Verachtung für echten Wettbewerb

von Redaktion

Der Motor des Fortschritts ist der Wettbewerb. Charles Darwin sah ihn am Werk in der Natur. Adam Smith erkannte seine wohlstandsfördernde Wirkung in der Wirtschaft. Sportbegeisterte staunen über die Leistungen, zu denen er unsere besten Sportler anspornt. Und als Universitätsprofessor sehe ich den Wissensfortschritt, der durch frei konkurrierende Argumente gefördert wird, ob in den Geistes-, Sozial-, Bio- oder und Naturwissenschaften.

Wo der Wettbewerb behindert wird, verlangsamt sich der Fortschritt oder er wird sogar rückgängig gemacht. Die großen Zivilisationen Chinas und Japans litten einst unter den Auswirkungen eines mangelnden Wettbewerbes, die aus einer selbst auferlegten Isolation erfolgten. Als die „schwarzen Schiffe“ aus Europa und Amerika vor ihren Küsten erschienen, waren sie schutzlos ausgeliefert und mussten ihre Märkte für den globalen Handel, einschließlich des süchtig machenden Opiums, das aus Britisch-Indien eingeschmuggelt wurde, öffnen.

Als Kuba nach einer Periode der Isolation infolge der Castro-Revolution versuchte, in den 1990er-Jahren in die internationalen Basketball-Wettbewerbe zurückzukehren, musste es feststellen, dass es weit hinter den Weltstandard zurückgefallen war.
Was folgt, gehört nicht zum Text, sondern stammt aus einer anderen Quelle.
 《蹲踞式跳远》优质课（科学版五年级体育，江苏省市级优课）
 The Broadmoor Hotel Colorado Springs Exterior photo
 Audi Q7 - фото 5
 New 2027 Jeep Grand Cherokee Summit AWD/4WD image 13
Das Land, das in den 1950er-Jahren zu der Spitzengruppe gehörte, hat entscheidende Entwicklungen in der Spieltechnik verpasst.

Im Unterricht sehe ich die Auswirkungen der ideologiebasierten Erziehung an Austauschstudierenden aus autoritären Ländern, die sich in einer Seminar-Debatte nur schwer behaupten können. Allzu oft ist ihre Antwort auf eine von mir gestellte sokratische Frage: „Was sagt der Professor?“

Und so ist das Ergebnis der gestern von Donald Trump angekündigten massiven Erhebung der Zölle ebenso offensichtlich wie tragisch. Denn Protektionismus verschont die eigene Industrie vor der Konkurrenz im Ausland. Trumps Rückkehr zu einer kruden Form des Merkantilismus, wie er vom 16. bis zum 18. Jahrhundert in vielen Teilen Europas praktiziert wurde, wird Amerika und die Amerikaner ärmer, dümmer und weniger gut vorbereitet zurücklassen. Sie werden weniger Auswahl genießen und am Ende mehr Geld für schlechtere Produkte bezahlen.
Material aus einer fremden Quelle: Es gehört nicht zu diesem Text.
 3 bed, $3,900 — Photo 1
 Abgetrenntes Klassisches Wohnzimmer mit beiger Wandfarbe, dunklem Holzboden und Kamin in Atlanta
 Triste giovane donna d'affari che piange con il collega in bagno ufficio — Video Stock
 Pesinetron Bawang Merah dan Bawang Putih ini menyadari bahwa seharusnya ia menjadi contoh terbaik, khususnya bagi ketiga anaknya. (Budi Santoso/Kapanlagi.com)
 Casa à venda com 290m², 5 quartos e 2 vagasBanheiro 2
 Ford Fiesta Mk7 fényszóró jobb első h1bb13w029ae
Aber es ist noch schlimmer. Hätten wir Glück, wäre das Ergebnis einer isolierten Wirtschaft bloß ein unnötig langsames Wachstum. Doch Trumps Verachtung für Wettbewerb erstreckt sich über die Wirtschaft hinaus. Seine Bemühungen, die freie Meinungsäußerung einzuschränken, seine Angriffe auf die Unabhängigkeit der Institutionen, sein Versuch, Kultureinrichtungen unter die Kontrolle politischer Verbündeter zu stellen, seine Bemühungen, die Einreise nicht nur illegalen Einwanderern zu verweigern, sondern auch andersdenkenden Ausländern, werden nicht nur zu höheren Preisen für minderwertige Waren führen. Sie bergen auch die Gefahr, dass sich der amerikanische Geist verschließt.

Der Autor

Der in München lebende US-Amerikaner Prof. James W. Davis ist Politik-Professor in St. Gallen.